#### [EXERCISE PROMPT]
In the entries below, begin at the line that has "Box.net (Box.com) Data" and stop after the line that has "Imagem de Jogo"; output those lines exactly, leaving out pictures.

#### [INFORMATION SUPPLIED]
Segment Open
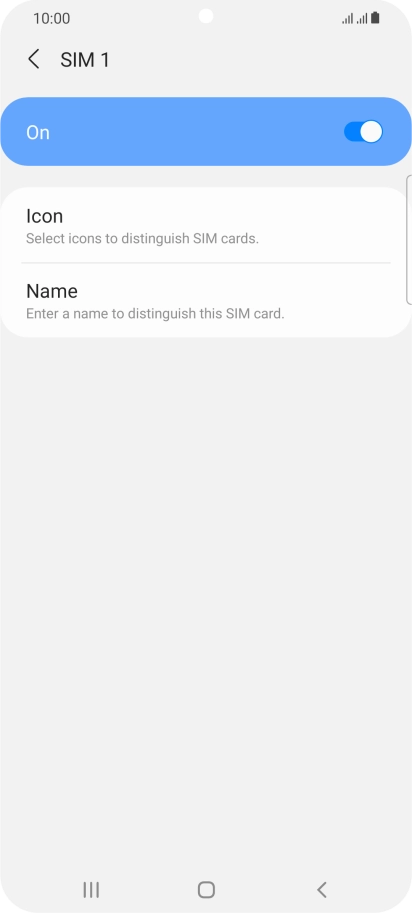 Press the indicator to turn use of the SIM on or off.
Segment Closed
Segment Open
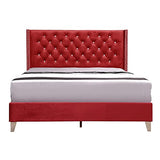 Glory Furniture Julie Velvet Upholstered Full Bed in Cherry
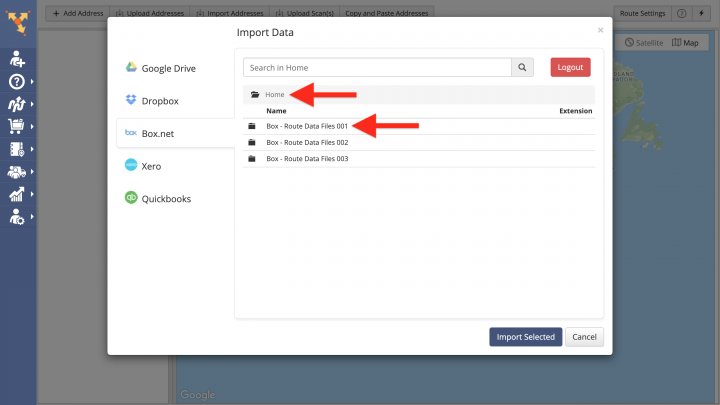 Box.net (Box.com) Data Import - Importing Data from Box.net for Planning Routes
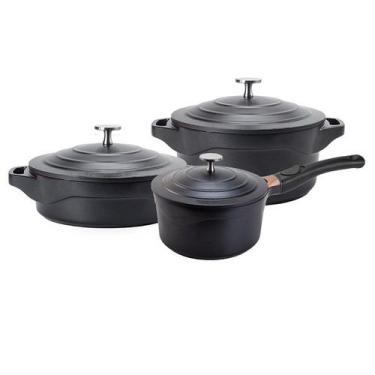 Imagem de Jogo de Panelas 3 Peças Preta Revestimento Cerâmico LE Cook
Segment Closed
Segment Open
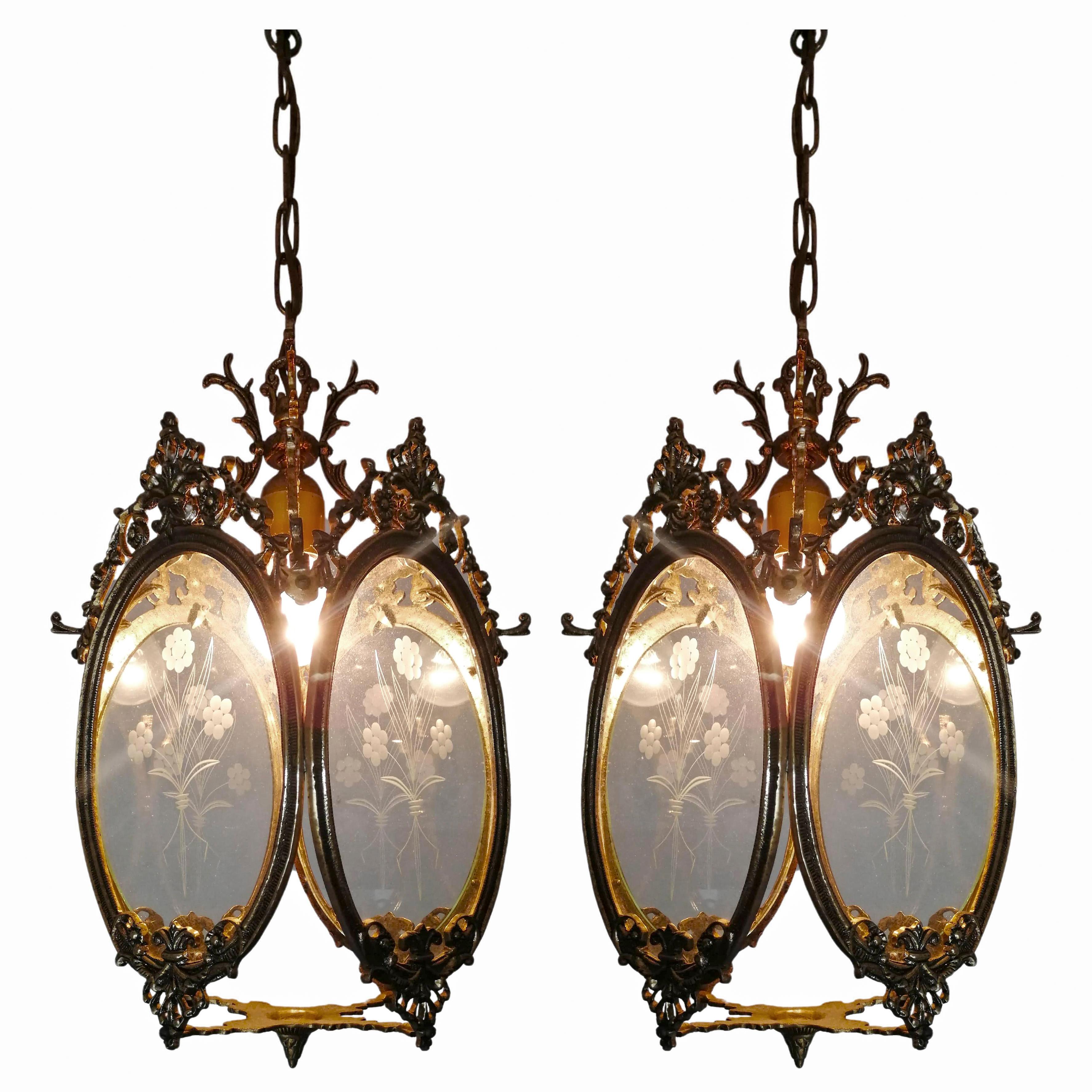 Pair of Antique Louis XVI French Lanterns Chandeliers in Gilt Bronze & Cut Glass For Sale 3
Segment Closed
#### [SOLVED EXERCISE]
 Box.net (Box.com) Data Import - Importing Data from Box.net for Planning Routes
 Imagem de Jogo de Panelas 3 Peças Preta Revestimento Cerâmico LE Cook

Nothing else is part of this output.